Brasileiros, porém universais
Esta é minha última noite no México, onde participei da Feira Internacional do Livro no Zócalo, com muitas editoras mexicanas ocupando a praça central da Cidade do México, a maior do mundo. Como a Feira do Livro de Frankfurt no ano passado e o Salão do Livro de Paris no ano que vem, a literatura brasileira foi a homenageada na feira mexicana deste ano. Passaram pelas tendas de leitura do evento, que homenageavam escritores do país como Octavio Paz e Efraín Huerta, os prosadores brasileiros Assionara Souza, Santiago Nazarian, Lima Trindade, Maria Alzira Brum e os poetas Angélica Freitas e Ferréz, entre outros. Foi lançada uma antologia com poetas da periferia de São Paulo, também saíram livros de alguns dos escritores convidados.

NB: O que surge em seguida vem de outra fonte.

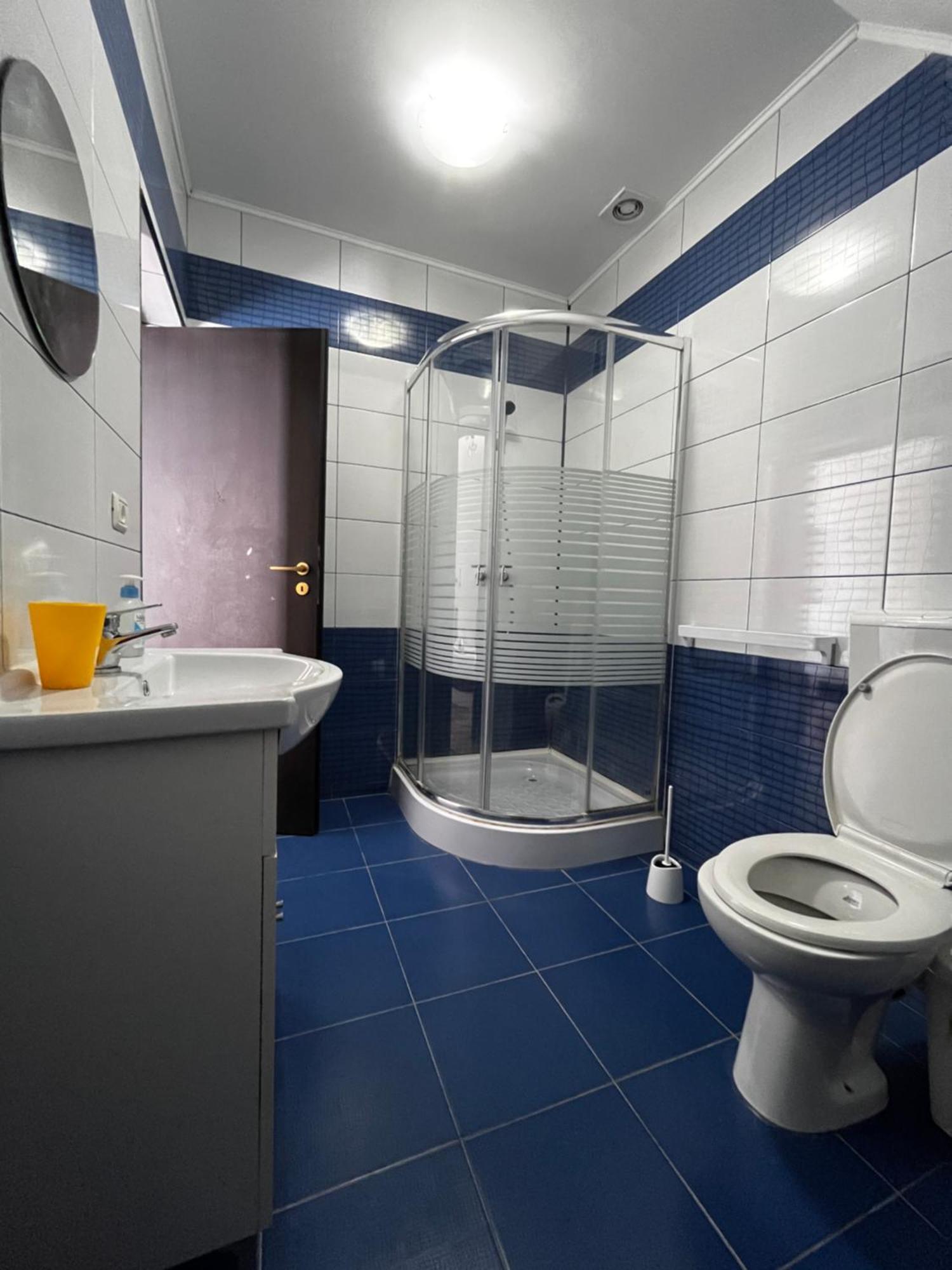 Elegance Hotel Костинещи Екстериор снимка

Passamos por um momento de grande interesse no mundo pela literatura nacional. Talvez “grande” seja exagero, mas há décadas não se via um interesse dessa intensidade. Já comentei neste espaço alguns casos específicos, como as traduções da obra de Clarice Lispector nos Estados Unidos e Alemanha, e a chegada da obra de Hilda Hilst à língua inglesa. Esta semana, soube que a Penguin Classics lançará em inglês uma nova tradução do grande clássico anti-épico nacional, Os sertões (1902), de Euclides da Cunha, com tradução de Elizabeth Lowe sob o título Backlands – The Canudos Campaign. A tradução anterior era a de Samuel Putnam, um dos primeiros a discutir e divulgar o escritor brasileiro fora de nossas fronteiras. Aos poucos, Machado de Assis vai recebendo a atenção internacional que merece, ainda que talvez dure ainda algum tempo até que se una no imaginário mundial aos seus contemporâneos, como Henry James e Anton Tchekhov. Mas acredito que é apenas questão de tempo. Muitos hoje sabem que há mais na literatura brasileira que Jorge Amado…ou Paulo Coelho. Algo que percebo também é uma mudança de atitude em relação ao próprio desconhecimento, ao menos entre europeus: há a consciência de que há grande literatura sendo produzida no país, e que se trata de um continente por explorar.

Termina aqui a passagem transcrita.